- WHAT THE TASK ASKS
Starting with the line that contains "Prodej atypického bytu, Praha, Malostranské" and ending with the last line of the listing, print each line exactly. Pictures stay out.

- MATERIAL FOR THIS EXERCISE
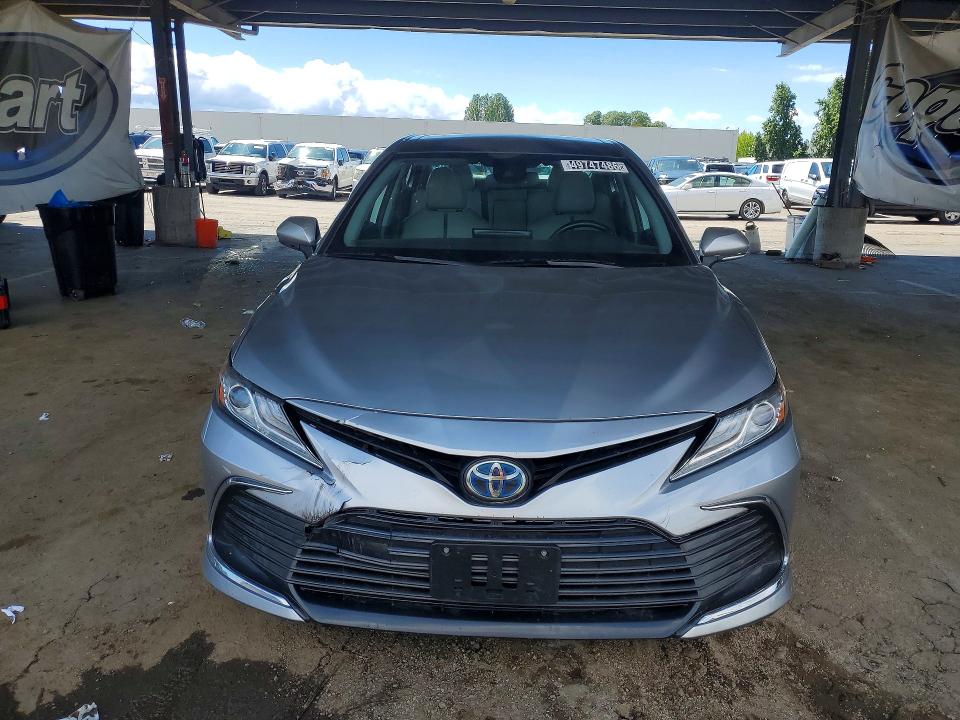 49747486 :رقم المزاد ، 4T1F31AK8NU599748 vin ، 2022 Toyota Camry مزاد بيع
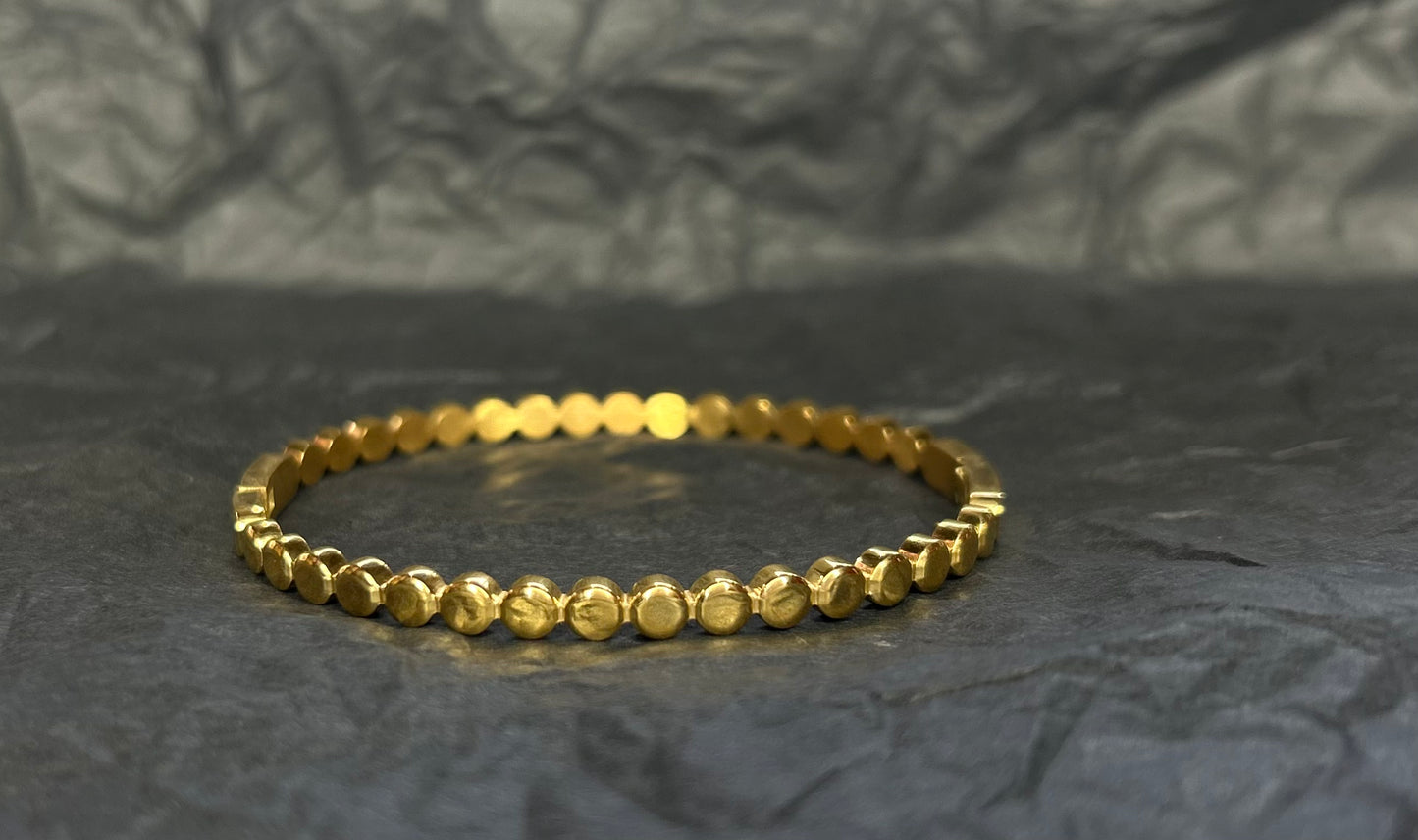 MISGRACEFUL Spot Bangle Gold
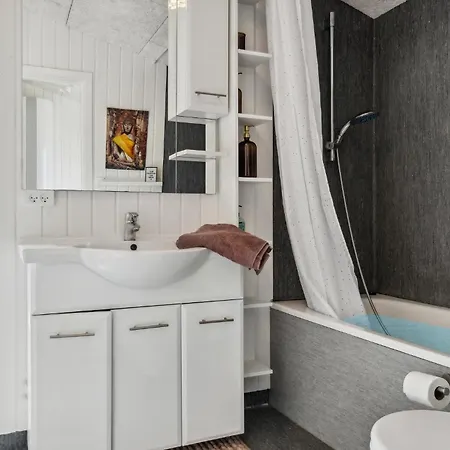 Beautiful In Vaeggerlose With Kitchen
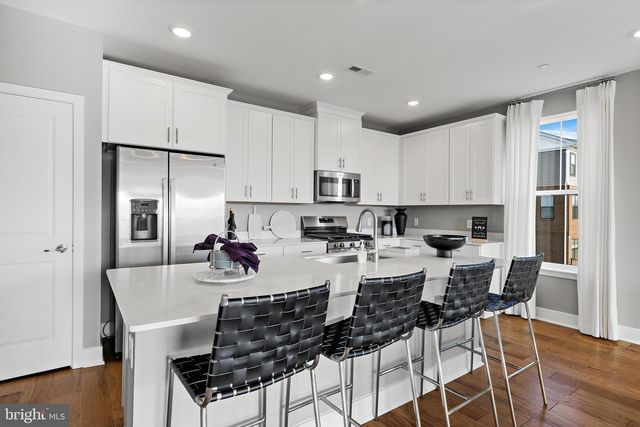 150 LEONA STEWART, Pennington, NJ 08534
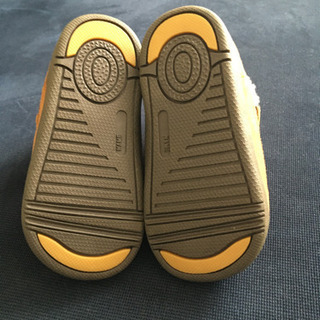 【新品】無印　ボア使い　ハイカットシューズ　13㎝の画像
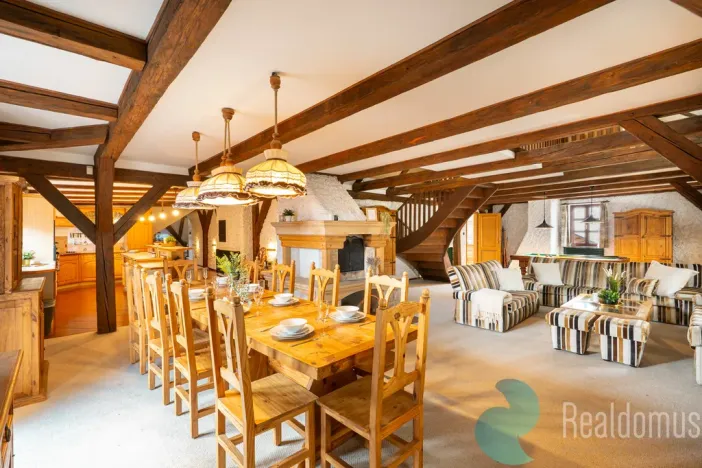 Prodej atypického bytu, Praha, Malostranské náměstí, 270 m2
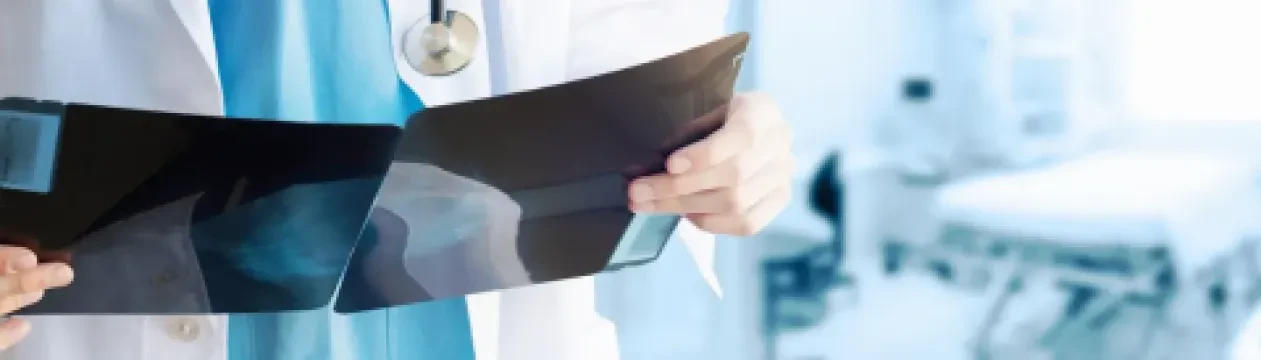 Dr Mounia Alaoui Tahiri — Gynécologue Obstétricien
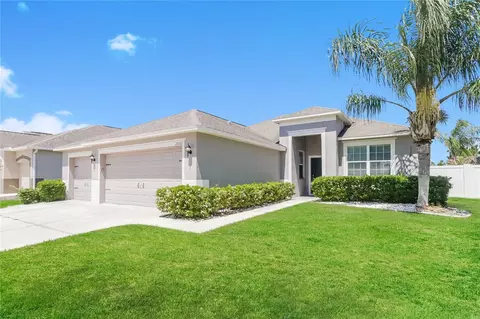 20067 Oakflower Ave, Tampa, FL 33647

- OUTPUT BELOW
 Prodej atypického bytu, Praha, Malostranské náměstí, 270 m2
 Dr Mounia Alaoui Tahiri — Gynécologue Obstétricien
 20067 Oakflower Ave, Tampa, FL 33647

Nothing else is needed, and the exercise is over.